:: The data

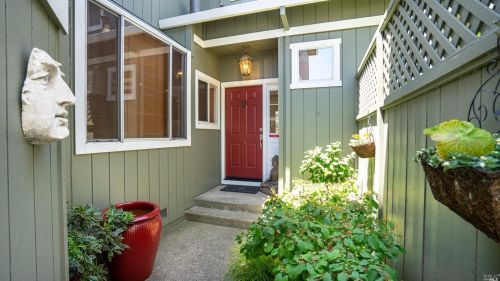 68 Baypoint Dr, San Rafael, CA 94901-8414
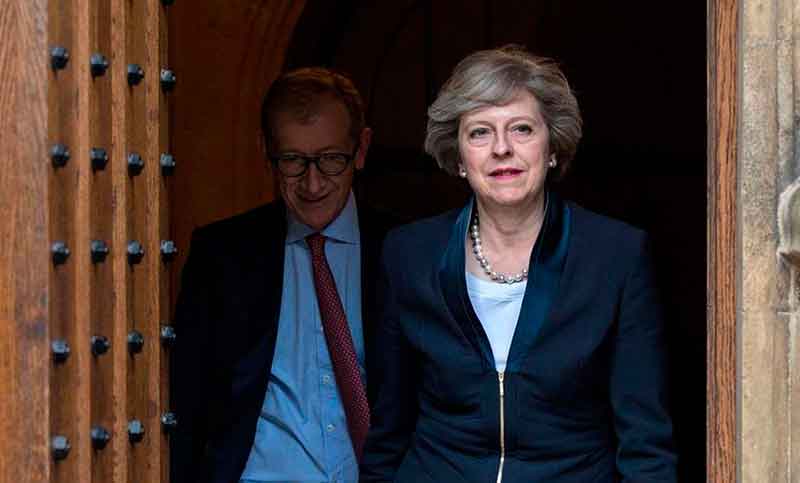 May pide a la UE «planes ambiciosos» para desbloquear negociación del Brexit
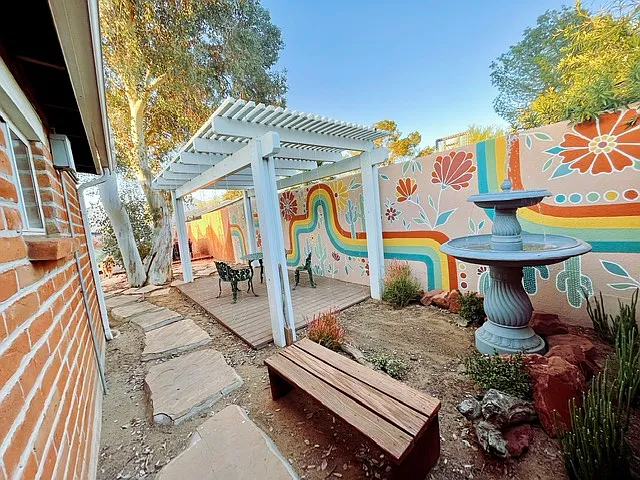 5211 E Lee St — Photo 15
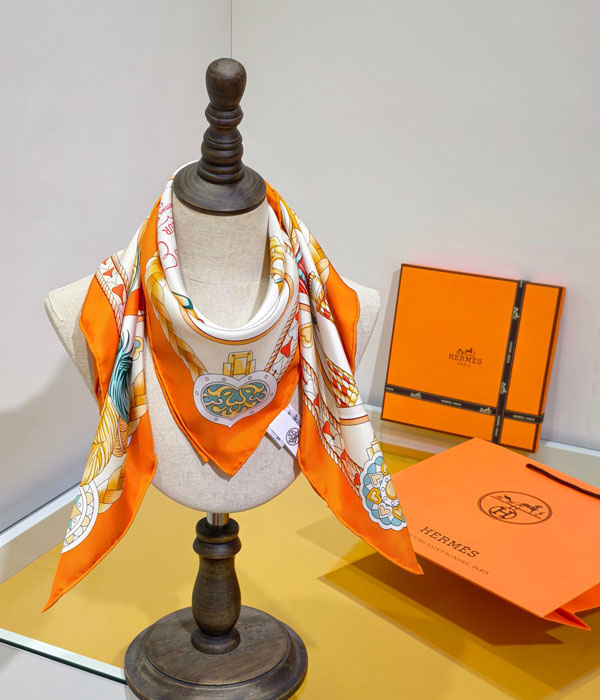 �����޽� ��ī��   ��ũ ��   YUE2414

::::

◆ **Assignment**: With the images omitted, repeat all the data word for word.

◆ **Answer box**:
 68 Baypoint Dr, San Rafael, CA 94901-8414
 May pide a la UE «planes ambiciosos» para desbloquear negociación del Brexit
 5211 E Lee St — Photo 15
 �����޽� ��ī��   ��ũ ��   YUE2414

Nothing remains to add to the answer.